Durante una de aquellas inacabables mañanas inanes, la casualidad o la Fortuna[12] tuvieron el capricho de traer hasta mis manos, hasta mis ojos, un dibujo para que lo fotocopiara. Era el trabajo de unas alumnas, que combinaba de forma tan estética como inocente paraguas, zapatos y guantes. Me gustó tanto que les pedí permiso para quedarme una fotocopia. Me lo concedieron y la coloqué como decoración en la pared que estaba frente a mí, en la Secretaría. Aunque en blanco y negro, también era decorativo y alegre: muy original y de una calidad indiscutible. No se veían figuras humanas, pero la composición de la obra y el equilibrio de los elementos lo compensaban de sobra.
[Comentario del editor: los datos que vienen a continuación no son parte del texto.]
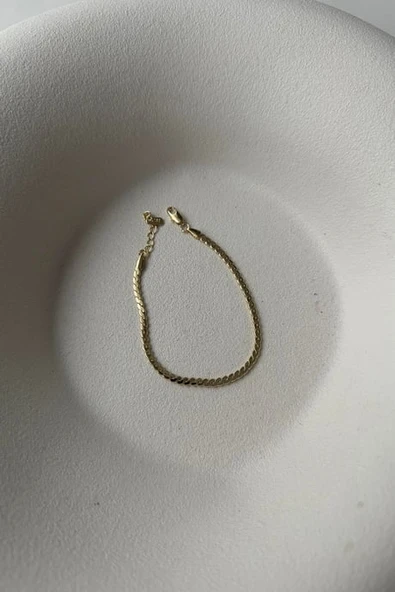 14K Gold Basic Bileklik ürün görseli 1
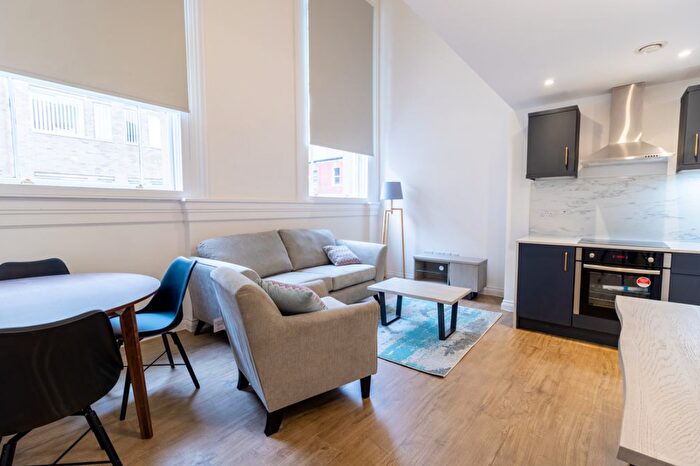 1 Bedroom Flat To Rent In Liberty House, Bank Street, Sheffield, S1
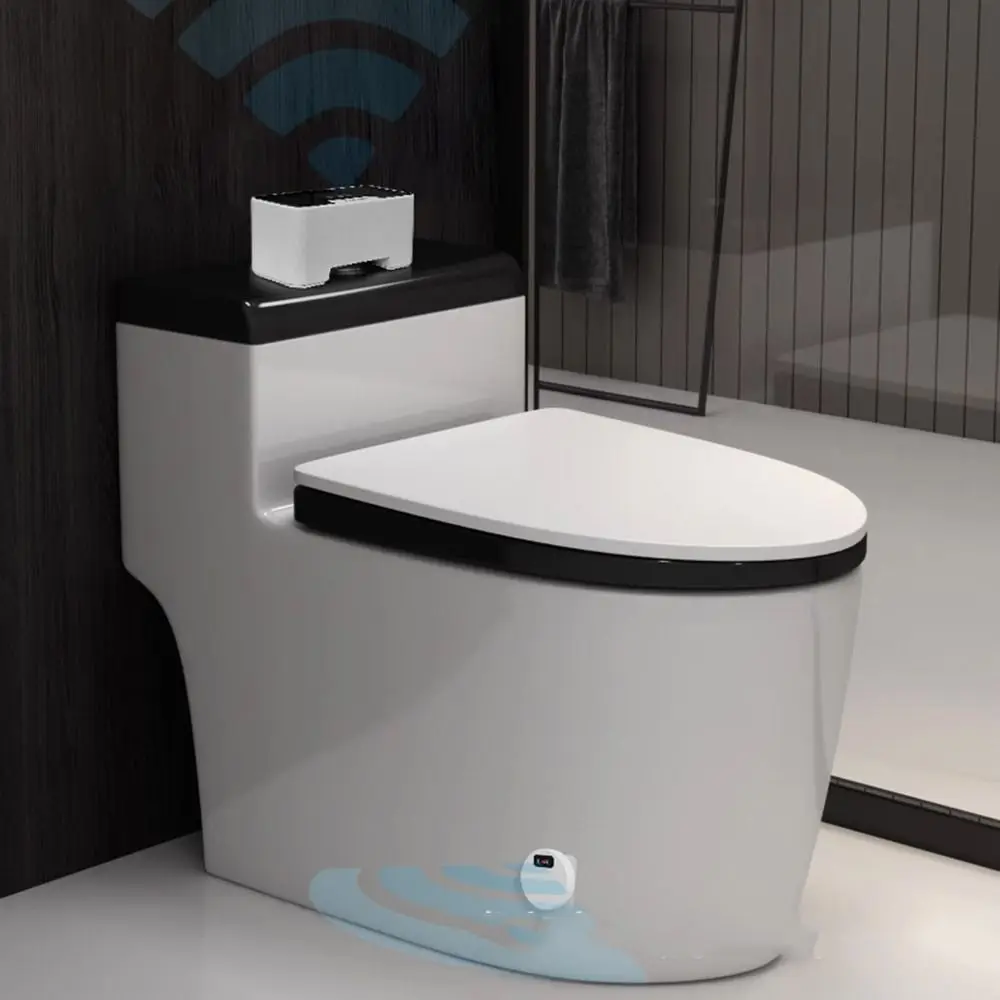 Type-C Rechargeable Induction Toilet Flusher Touchless Low Noise Automatic Toilet Flush Sensor Water Saving High sensitivity
Type-C Rechargeable Induction Toilet Flusher Touchless Low Noise Automatic Toilet Flush Sensor Water Saving High sensitivity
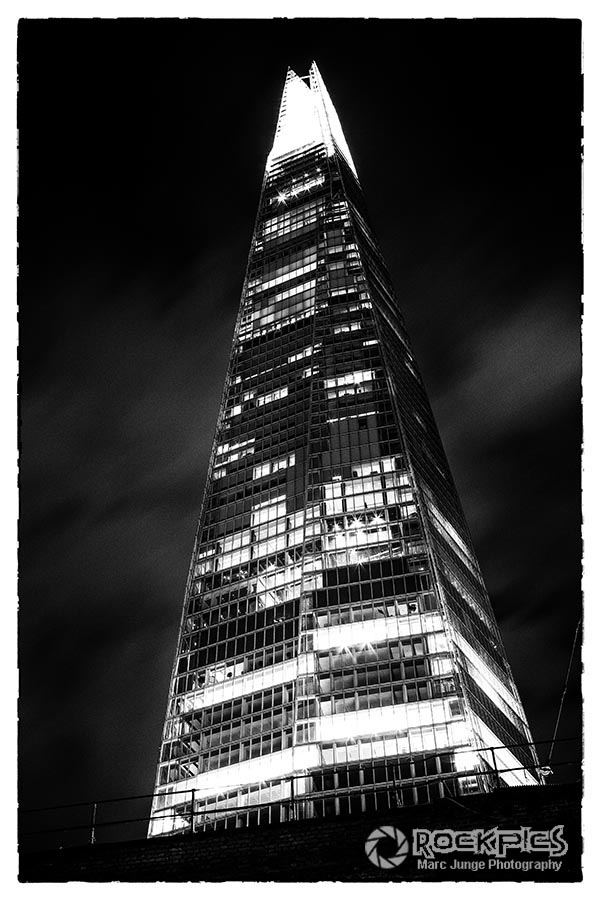 The Shard by night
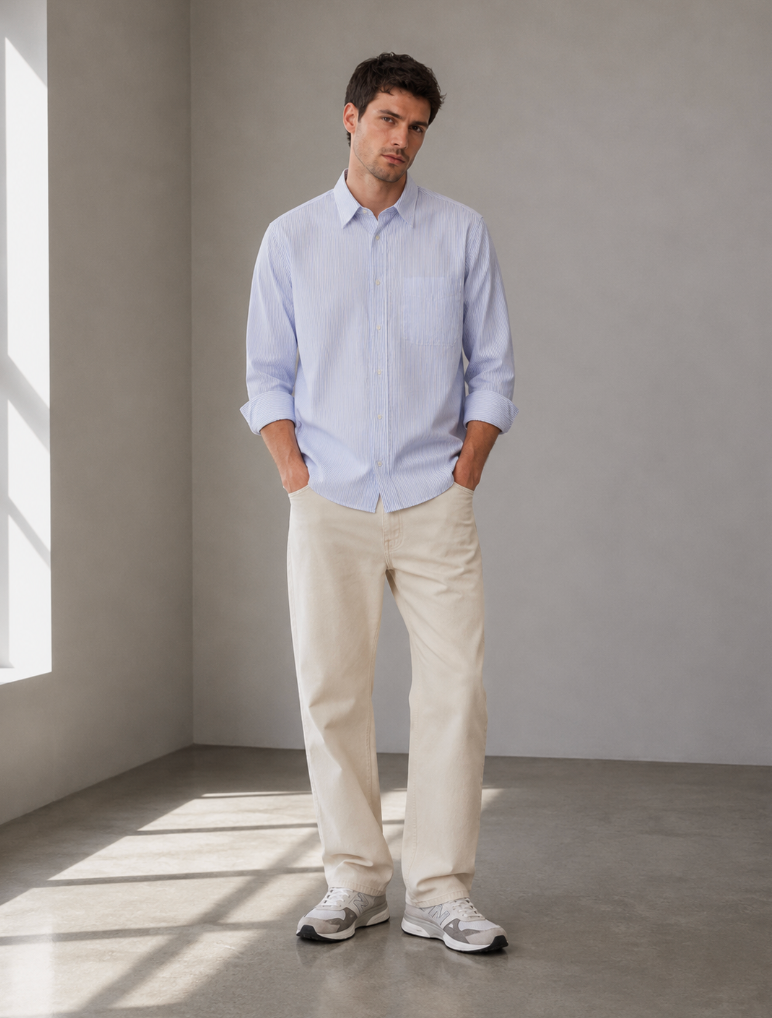 Gabba Zem K3992 Jeans – Beige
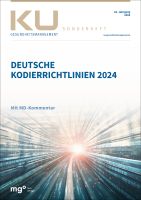 Deutsche Kodierrichtlinien 2024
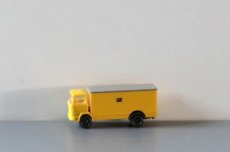 Wiking 387097 Gesloten post vrachtwagen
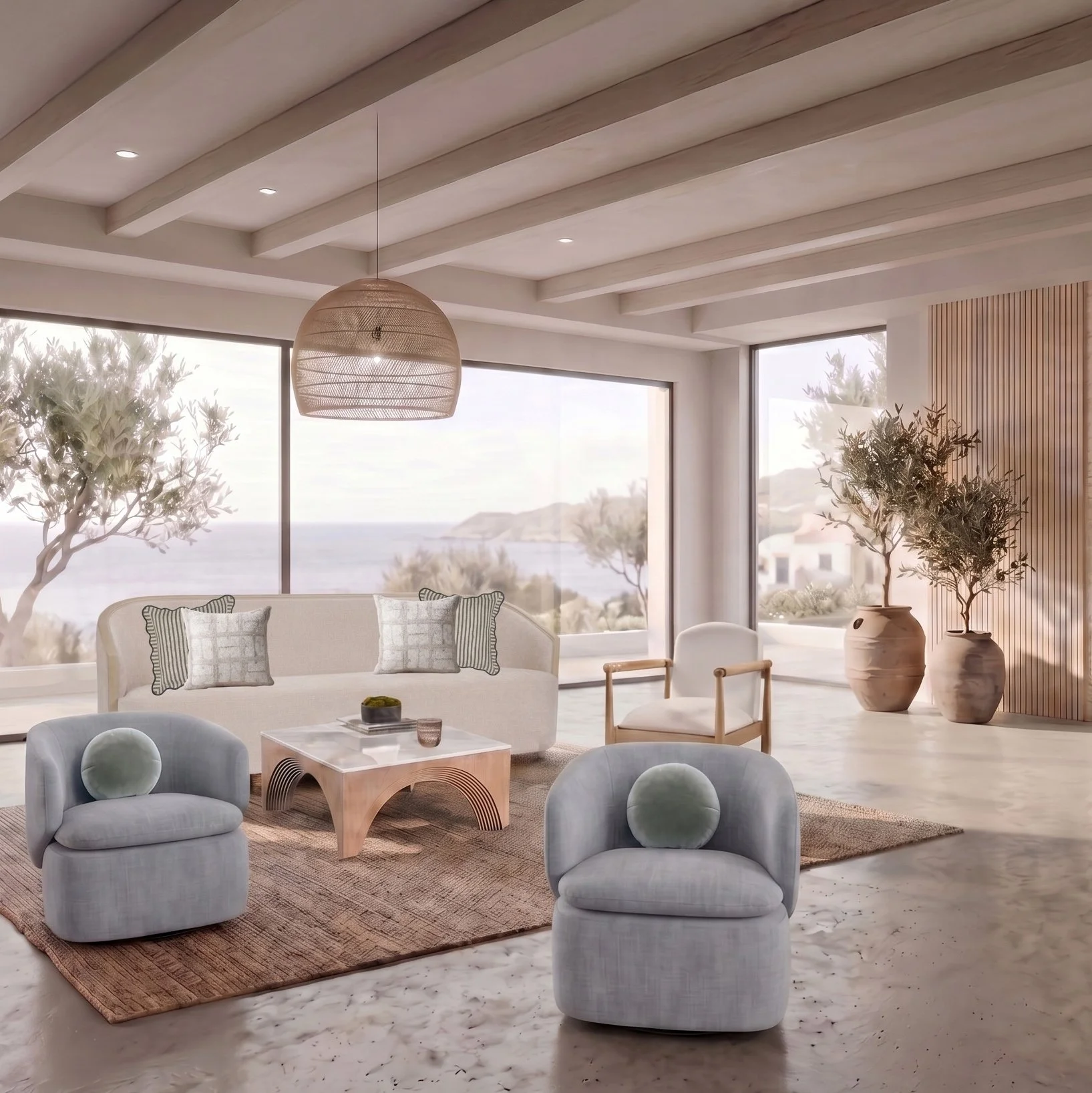 Coastal Airy Lounge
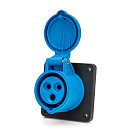 Розетка для прицепов CEE / 16 А / 230 В / розетка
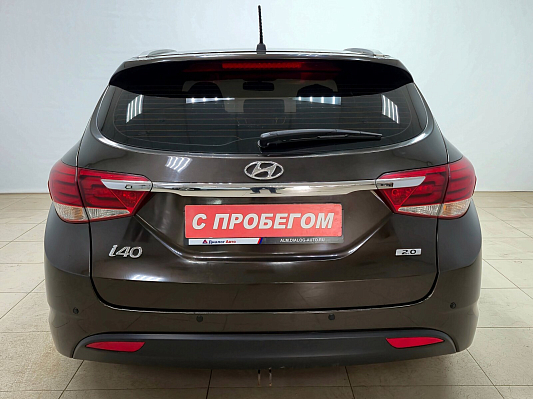 Hyundai i40 Comfort, 2016 года, пробег 174184 км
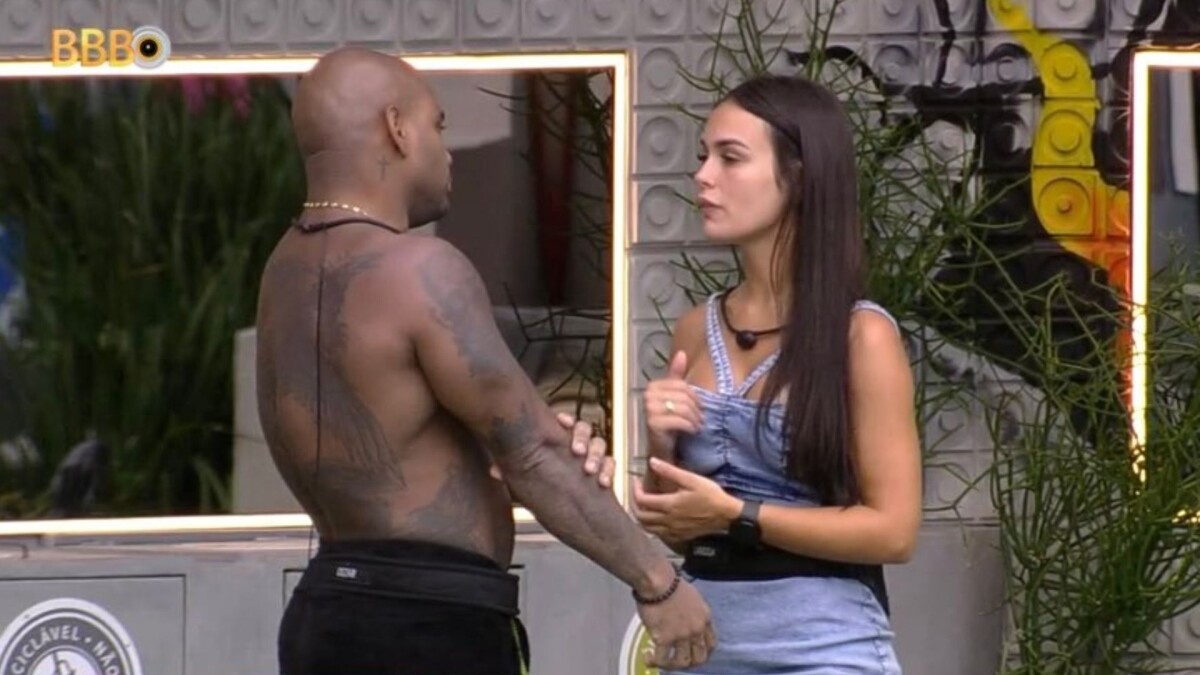 Foto Bbb 23 Larissa Perguntou Para Cezar Black Se O Brother Tinha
De hecho, fue elegido para un tríptico anunciador de la especialidad textil del Instituto de Futuros Currantes: simplemente, era bonito.

Al día siguiente, cuando volví del desayuno, vi que el dibujo había desaparecido. Me sorprendió y le pregunté a Pepita FC, con toda naturalidad, si sabía algo. “Lo he quitado yo” –me respondió. “–Aquí no se puede poner nada en las paredes”.

Yo no daba crédito a mis oídos, así que me fui a hablar con el Director para explicarle lo que había ocurrido. “Bueno, Pepita es así, tiene un carácter fuerte… No pasa nada. No lo pongas y ya está, se acabó el problema” –me argumentó. Decididamente, aquello ya sobrepasaba los límites de la diplomacia y la tolerancia con las que yo –bienintencionado– había venido abordando las relaciones humanas en aquel antro. Me resultaba tan inverosímil que requería por mi parte una respuesta contundente y aleccionadora.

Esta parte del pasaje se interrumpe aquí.